Le bénéfice par action ressort à 0,50 dollar, bien en deçà du consensus FactSet (0,56 dollar). Résultat immédiat : le titre a perdu 1,63 % en post-séance à Wall Street.
Malgré tout, Tesla reste offensif. Début octobre, le groupe a surpris les analystes en annonçant une hausse de 7 % de ses livraisons mondiales, soit 497 099 véhicules vendus sur la période. Mais ce sursaut est en partie artificiel : il s’explique par la fin du crédit d’impôt fédéral américain de 7 500 dollars, qui a dopé les ventes avant sa disparition.
Pour Deutsche Bank, la suite s’annonce plus rude :
Le volume devrait baisser au quatrième trimestre, mais la chute pourrait être moins marquée qu’attendu.
Face à la pression, Tesla a lancé deux versions plus abordables de ses Model 3 et Model Y, désormais proposées en dessous des 40 000 dollars, sans pour autant dévoiler le modèle “low-cost” promis depuis des années, censé révolutionner l’accès à la mobilité électrique.
La dynamique reste donc fragile : les analystes prévoient 425 000 livraisons au dernier trimestre, contre 496 000 un an plus tôt. Le groupe pourrait même perdre sa première place mondiale au profit de BYD, qui a déjà écoulé 1,58 million de véhicules électriques sur neuf mois, contre 1,22 million pour Tesla.
🤖 L’IA comme nouveau moteur de valorisation
Mais derrière cette contraction de marge, Tesla avance ses pions dans un autre domaine : l’intelligence artificielle.
Pour Wedbush Securities, “l’histoire de Tesla ne se résume plus à l’automobile, mais à sa capacité à transformer l’IA et la robotique en leviers de croissance massifs”. Selon leurs projections, le groupe pourrait tirer jusqu’à 1 000 milliards de dollars de valorisation de ses activités d’IA, faisant grimper sa capitalisation boursière à 2 000 milliards début 2026, puis 3 000 milliards fin 2026, contre 1,46 trillion aujourd’hui.

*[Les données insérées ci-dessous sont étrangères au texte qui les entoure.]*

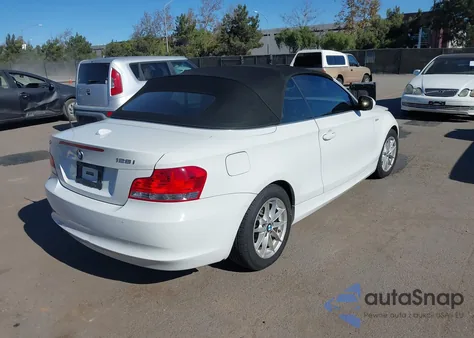 2011 BMW 128I z USA, uszkodzony, nr VIN WBAUN1C54BVH83118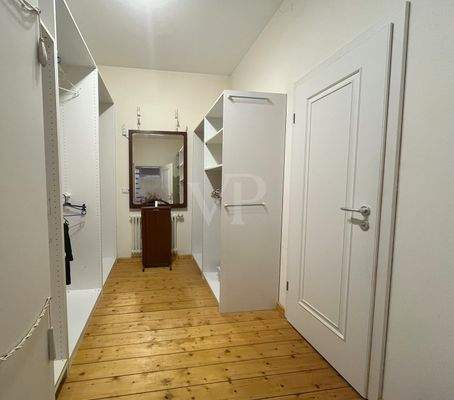 Ankleide mit Zugang zum Badezimmer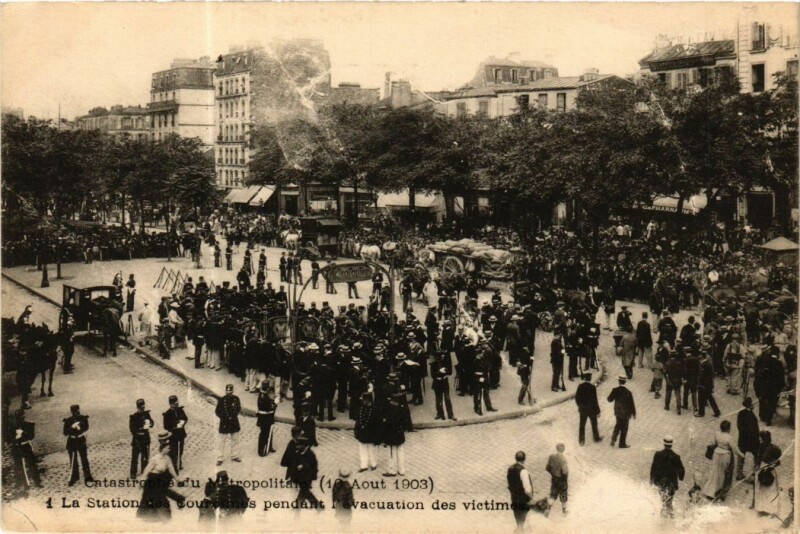 Carte postale ancienne Paris 11e Catastrophe du Metropolitain. Station des Couronnes à Paris 11e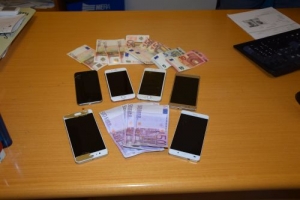 Ladri di telefonini alla stazione dei treni
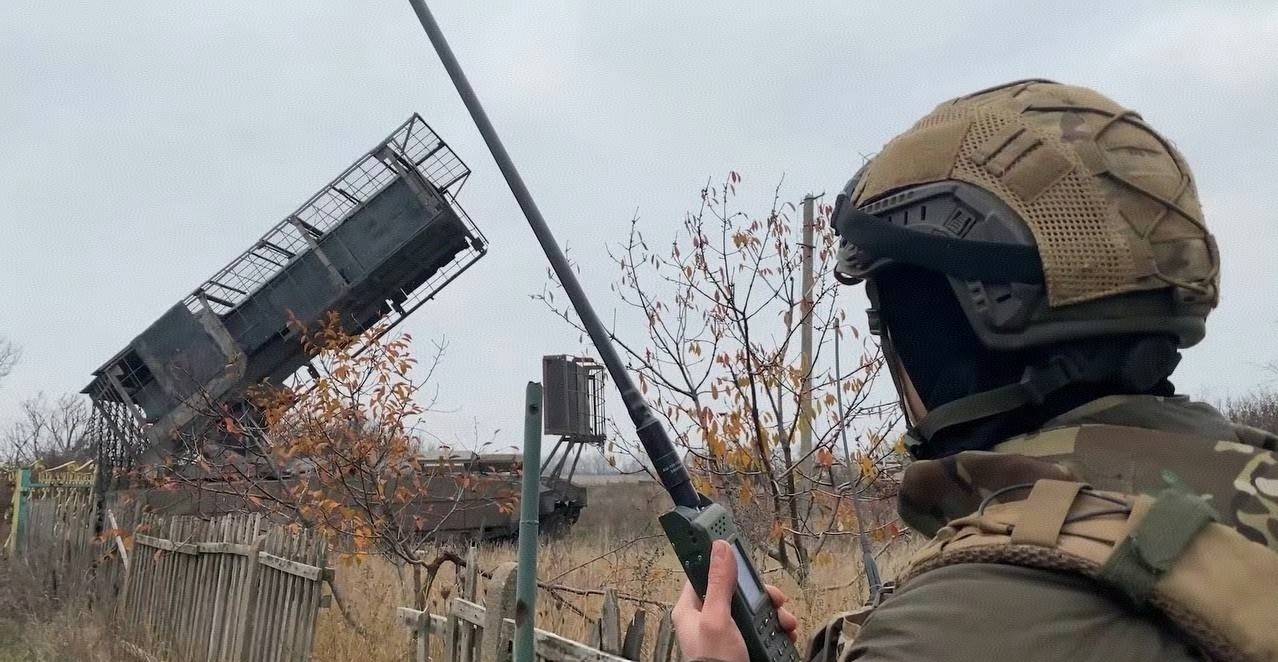 拒不投降？俄罗斯“飓风-S”火箭炮两次齐射：歼灭整个乌军特战队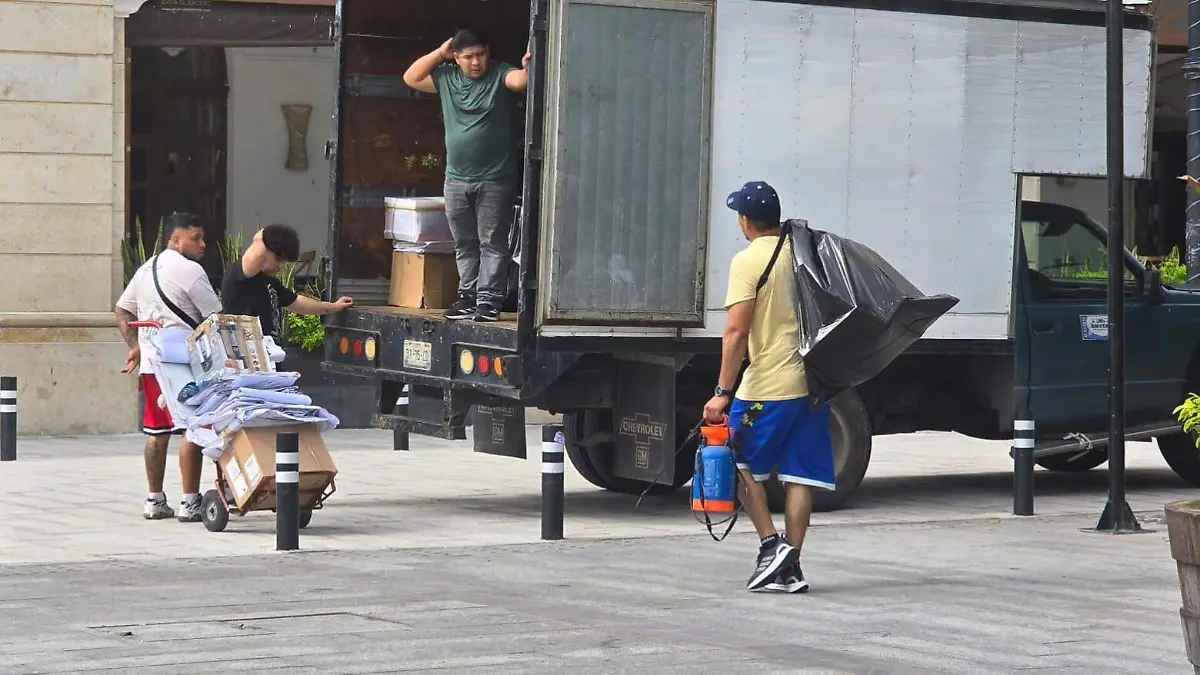 Desocupando oficinas de regidurias2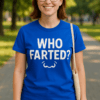 Ženská v modrém tričku s nápisem "Who Farted?" na procházce v parku.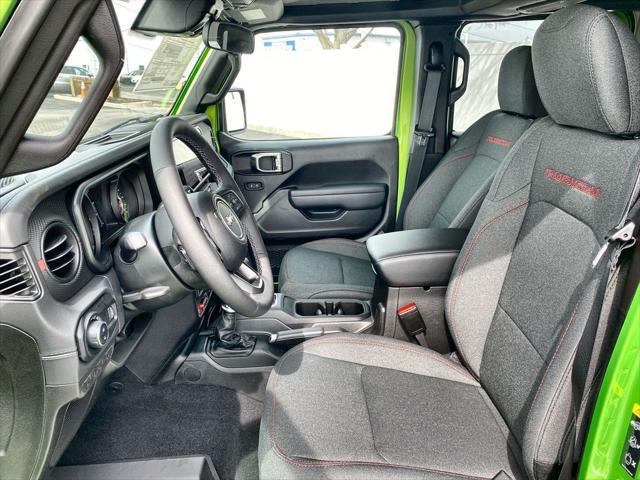 new 2025 Jeep Gladiator car, priced at $48,004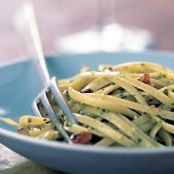LINGUINE w/PECAN-ARUGULA PESTO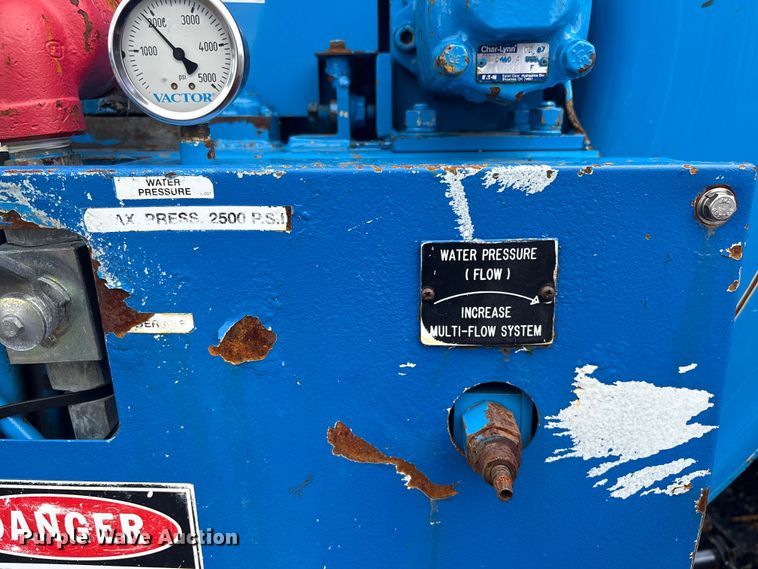 image for item EG9117 1997 Ford LT8501 sewer jetter truck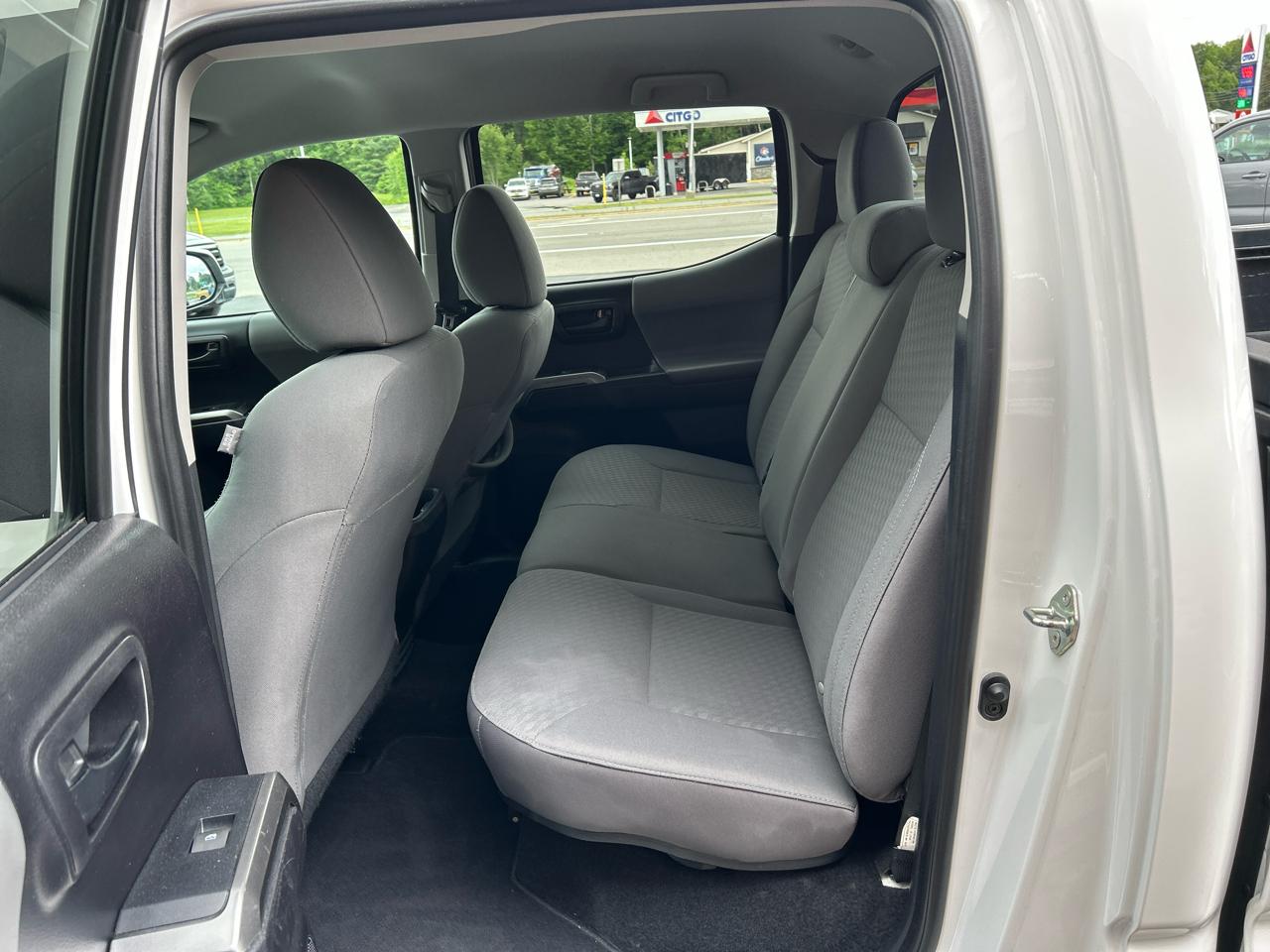 Toyota Tacoma 4WD SR5 Double Cab 6' Bed V6 AT (Natl) 2020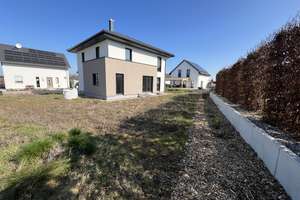 Sie wollen nur noch einziehen? Stadtvilla zum Erstbezug! – Mühlenviertel 14, 4509 Zwochau – Vorschaubild 3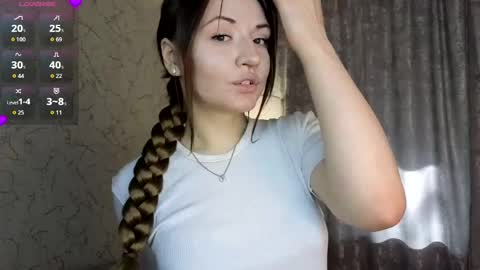 Lily online show from May 21, 1:20 pm
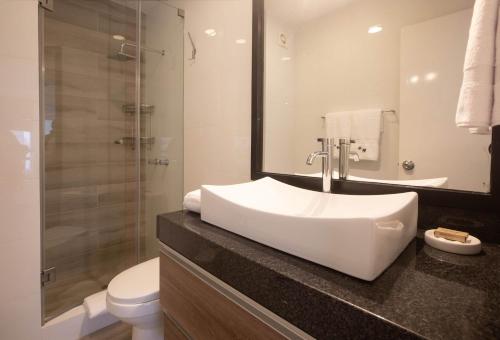 Enlightening 1BR in Miraflores - image 2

Le pari est audacieux. En parallèle, l’assemblée générale du 6 novembre sera décisive : les actionnaires doivent se prononcer sur un nouveau plan de rémunération colossal pour Elon Musk, susceptible de lui rapporter plus de 1 000 milliards de dollars sur dix ans, à condition de réaliser une croissance “stratosphérique” du groupe.
Ils voteront également sur une prise de participation de Tesla dans xAI, la société d’intelligence artificielle fondée par Musk, également propriétaire du réseau social X (ex-Twitter).
👀 L’œil de l’expert : un virage nécessaire et risqué
Pour Marc Delcourt, économiste industriel, Tesla vit une mutation qui reste inévitable : ses marges opérationnelles s’érodent dans l’automobile, mais sa valeur à venir réside dans la data, mais aussi dans l’IA et l’autonomie. C’est une bascule d’un constructeur vers une entreprise technologique globale. L’avenir du groupe se jouera donc à la croisée de deux mondes :
d’un côté, la pression du marché automobile mondial, marqué par la concurrence chinoise et la guerre des prix ;
de l’autre, la promesse de l’intelligence artificielle, dont Musk veut faire le véritable moteur de la prochaine décennie.
Si le pari réussit, Tesla pourrait bien redevenir ce qu’il a toujours prétendu être : non pas un constructeur d’automobiles, mais un créateur d’avenir.